Assignment – Two lines mark the range in the entries below: the one holding "JACKLITO - EDGY BOOT SHOES" and the one holding "楽天市場】日本未発売！2021 冬 N-2Bジャケット フライトジャケット". Set down those two and all lines between them, exactly.

Exercise inputs –
^^^^^^^^

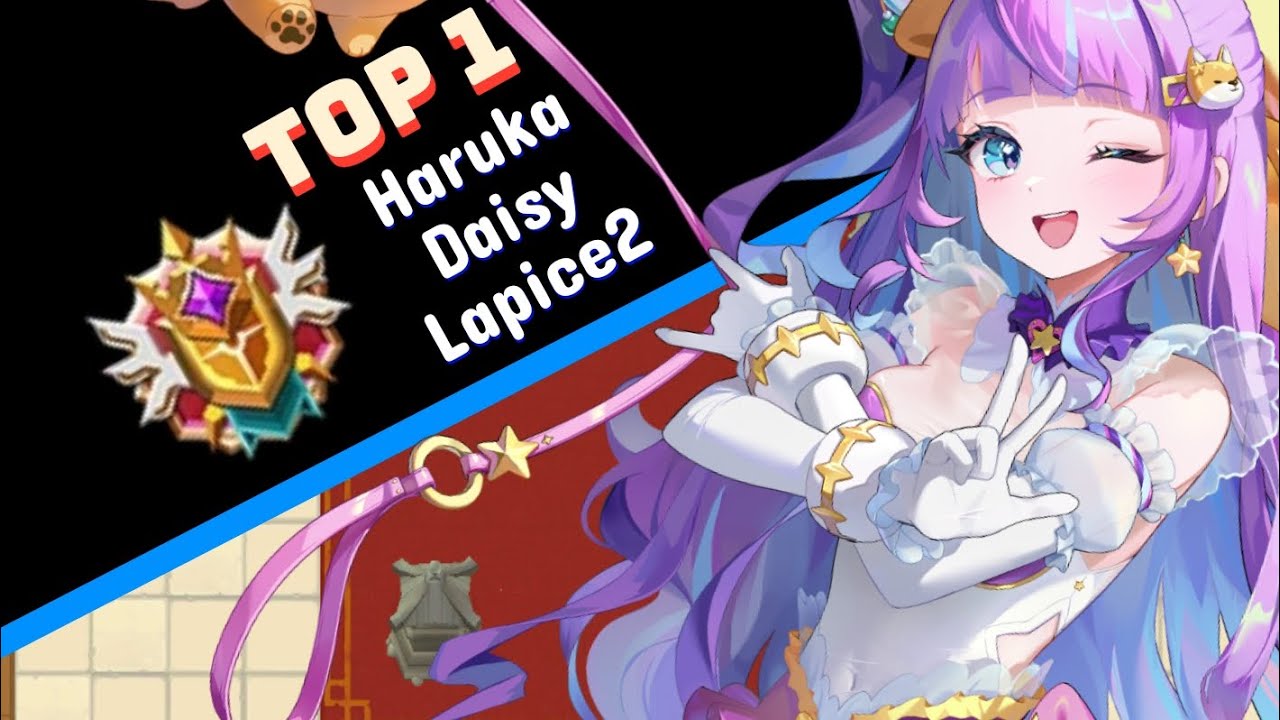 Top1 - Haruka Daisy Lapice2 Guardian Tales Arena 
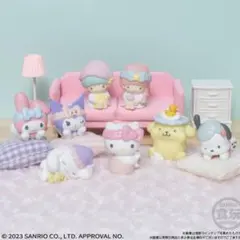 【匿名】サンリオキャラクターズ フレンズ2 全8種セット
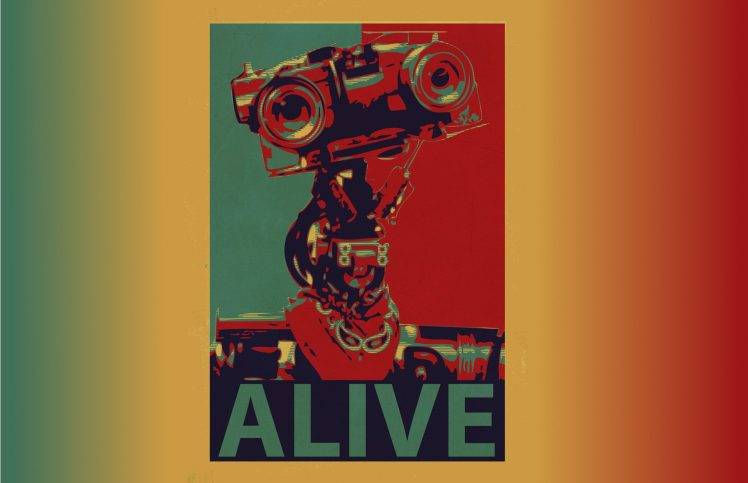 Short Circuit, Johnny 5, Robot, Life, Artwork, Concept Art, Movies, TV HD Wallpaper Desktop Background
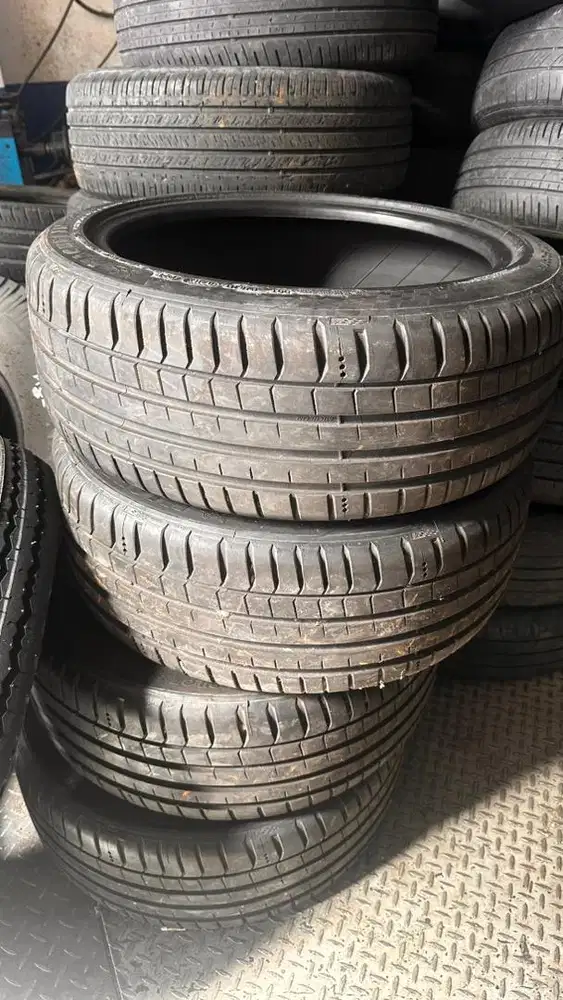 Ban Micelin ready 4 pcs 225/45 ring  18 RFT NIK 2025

^^^^^^^^

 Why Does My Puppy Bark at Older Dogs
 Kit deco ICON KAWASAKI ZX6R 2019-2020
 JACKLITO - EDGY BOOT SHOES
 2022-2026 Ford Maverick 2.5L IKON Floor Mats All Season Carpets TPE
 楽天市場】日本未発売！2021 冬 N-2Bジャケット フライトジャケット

^^^^^^^^

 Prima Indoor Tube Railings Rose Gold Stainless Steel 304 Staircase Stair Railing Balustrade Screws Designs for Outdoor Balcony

^^^^^^^^

Reply –
 JACKLITO - EDGY BOOT SHOES
 2022-2026 Ford Maverick 2.5L IKON Floor Mats All Season Carpets TPE
 楽天市場】日本未発売！2021 冬 N-2Bジャケット フライトジャケット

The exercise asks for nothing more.